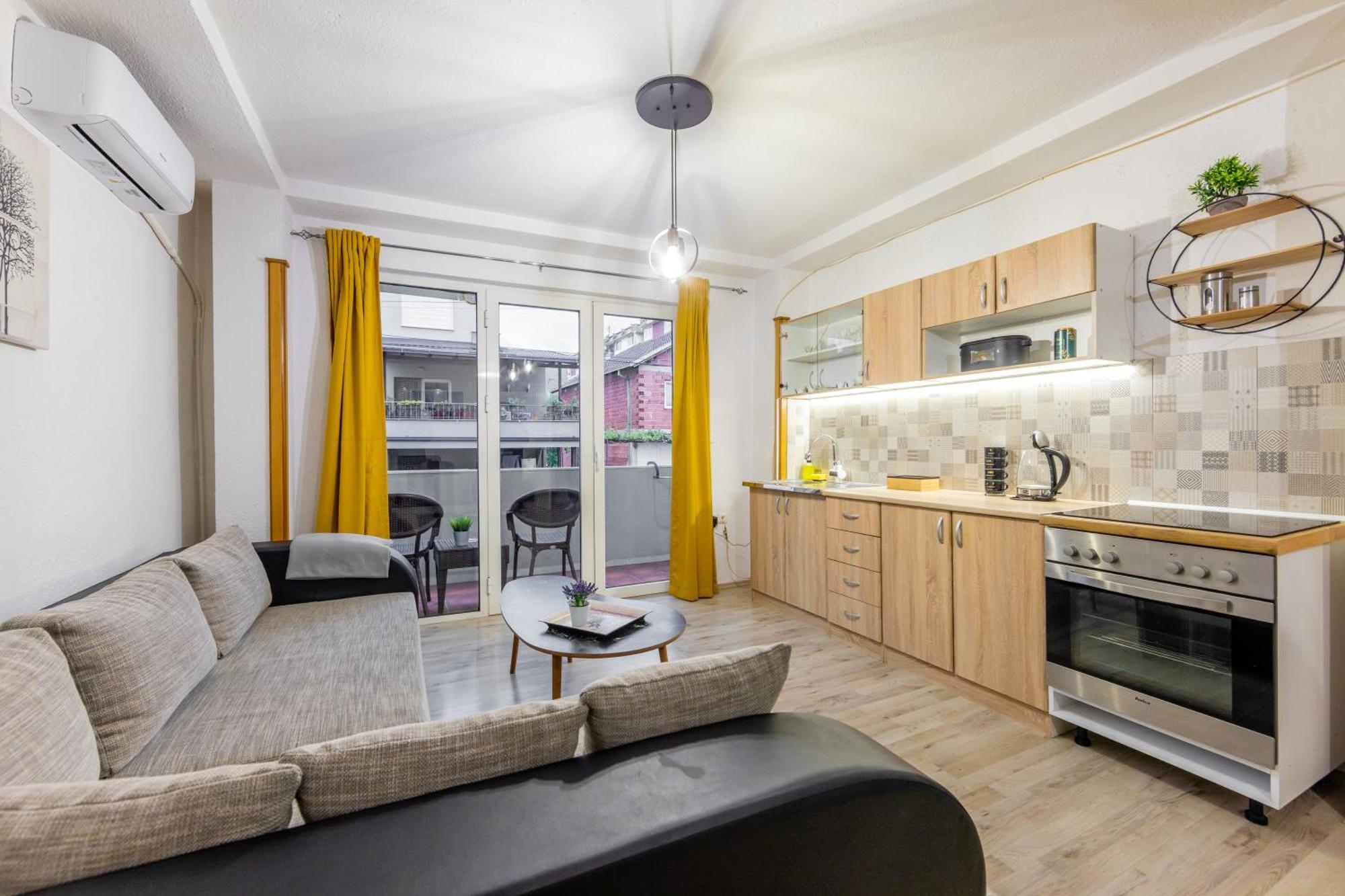 Apartments Lido โอครีด ภายนอก รูปภาพ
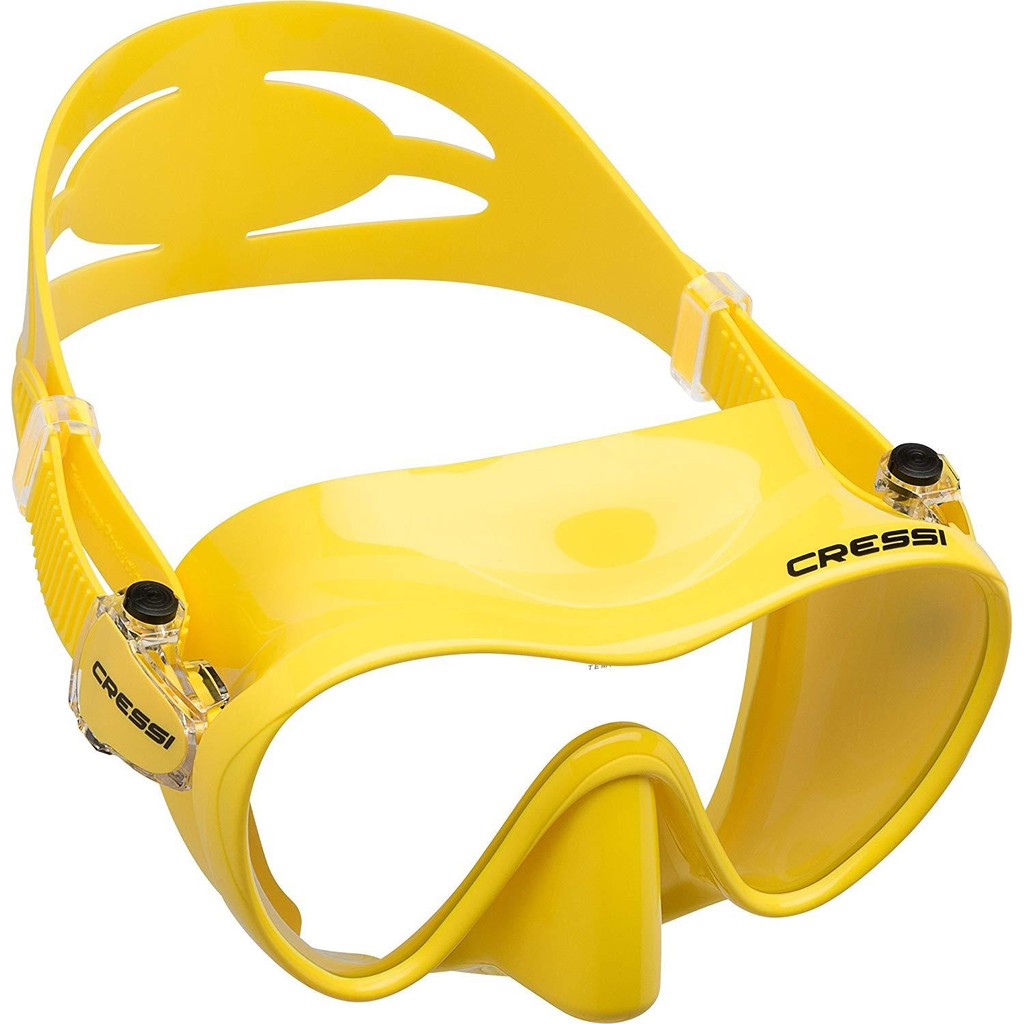 cressi-small-f1-snorkeling-and-diving-mask-junior-kid-size-หน้ากากดำน้ำ-สำหรับเด็กโต-อุปกรณ์ดำน้ำ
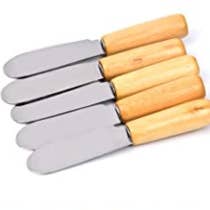 Divine Dips - Wholesale Kitchen/Utility Knife - Cheese Ball Knives - Set of 5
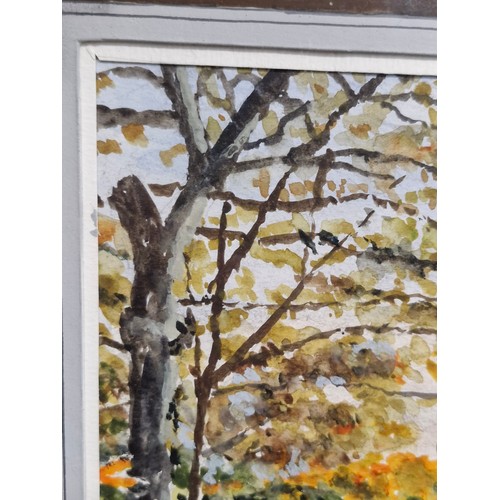 81 - Star Lot: 'Pat Phelan (Irish, b.1927-2011)'. A bright original watercolour and gouache on paper pain... 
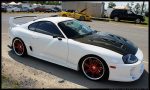 Supra Side Skirt Passenger Side For 93-98 Toyota Supra Stillen - Image 3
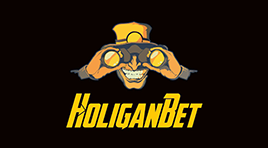 Holiganbet logosu - sanal bakiyeli demo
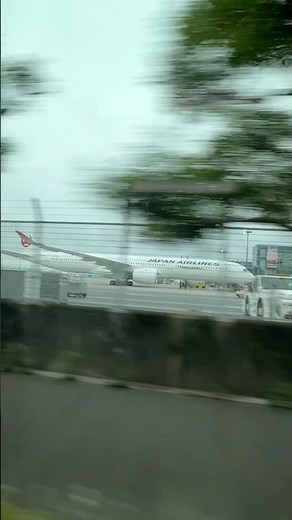🇯🇵 Airbus A350-1000 Japan Airlines Haneda Tokyo International Airport 日本航空 A350-1000 #travel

· · · · ·

#### What is needed
Pictures in the records above are to be left out of an otherwise exact copy.

#### Solution to this problem
 Apartments Lido โอครีด ภายนอก รูปภาพ
 cressi-small-f1-snorkeling-and-diving-mask-junior-kid-size-หน้ากากดำน้ำ-สำหรับเด็กโต-อุปกรณ์ดำน้ำ
 Divine Dips - Wholesale Kitchen/Utility Knife - Cheese Ball Knives - Set of 5
 81 - Star Lot: 'Pat Phelan (Irish, b.1927-2011)'. A bright original watercolour and gouache on paper pain... 
 Supra Side Skirt Passenger Side For 93-98 Toyota Supra Stillen - Image 3
 Holiganbet logosu - sanal bakiyeli demo
🇯🇵 Airbus A350-1000 Japan Airlines Haneda Tokyo International Airport 日本航空 A350-1000 #travel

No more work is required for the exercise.